Source unknown – Title Unknown (2009) 

Any halfway decent Philosophy 101 course is going to touch on the notion of an ontological argument.

The premise goes like this: God must exist because a God is perfect and that which exists is more perfect than that which does not exist.

I feel as if a lot of modern images suffer from an ontological raison d’etre–namely, the image you capture is better than the image you don’t because the former exists and the latter does not.

All sorts of justifications are employed to shore up this rationale: if I don’t take a photo I won’t remember or it seemed to suggest something that would make a pretty picture.

I call bullshit on both. On the one hand the notion that folks need to Instagram every prettily plated meal and a trendy eatery cheapens the notion of persistence of memory. I’m sure it was good and all but are the huevos rancheros you had a brunch really something you want to remember ten years from now? (It’s like they teach you early on in film making–there’s no need to shoot coverage of a scene with closeup inserts that show the protagonists movements. He grabs something off the counter and picks up something else on vanity in the vestibule. It’s unnecessary to show a close-up of his wallet and his keys, respectively; unless either figure prominently later in the plot.*)

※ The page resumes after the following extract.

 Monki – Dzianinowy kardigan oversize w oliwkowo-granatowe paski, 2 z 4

But the second impetus–it seemed like it would make a pretty picture–is, at least, more fundamentally honest in that it assumes that someone else seeing the image will through seeing it gain something.

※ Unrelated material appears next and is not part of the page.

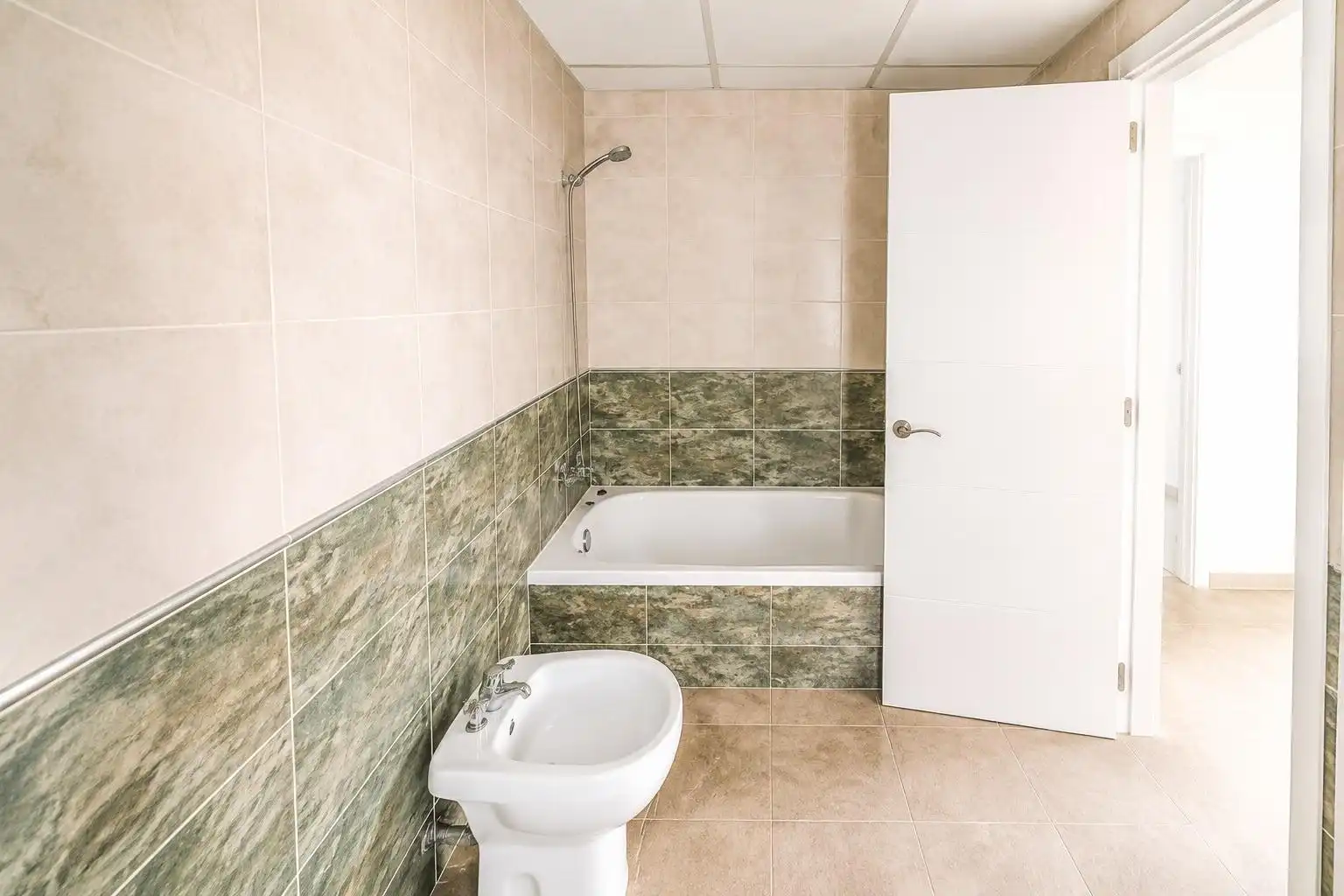 Bathroom of Flat for sale in Ceutí  with Private garden, Terrace and Storage room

The proliferation of ready-at-hand imaging devices has not materially improved image making. This is due to the fact that the vast majority of the impetus to create images is grounded in the capitalist act of conspicuous consumption. It’s not enough that I eat and remember what I ate, it’s necessary to show that one is eating here there or having this or that unmediated experience.

It gets even worse with porn. Consumers of erotic content are spoon fed a stylized and highly unrealistic version of sexuality. What I always find so completely bonkers about that is that–by and large–when folks set out to produce DIY porn, instead of asking themselves how do I convey what my experience of sex is like (or perhaps better: inquiring as to why they have the urge to produce such content and then exploring how to place what they want to show in line with what they create), porn provides an easily replicable template for making you the porn star or starlet of your own triple X scene.)

The above is–to my eye–quite different. It’s clear that the audience is seeing something pornographic in nature but the focus is on the expression of an intense, in-the-moment experience of physical pleasure. Yeah, it’s goes way too dark in areas and the shadow cast by the tripod in the upper left corner is detrimental to the immersive effect the image seems to be seeking; but, the way she’s looking back over her shoulder isn’t something that could be easily staged.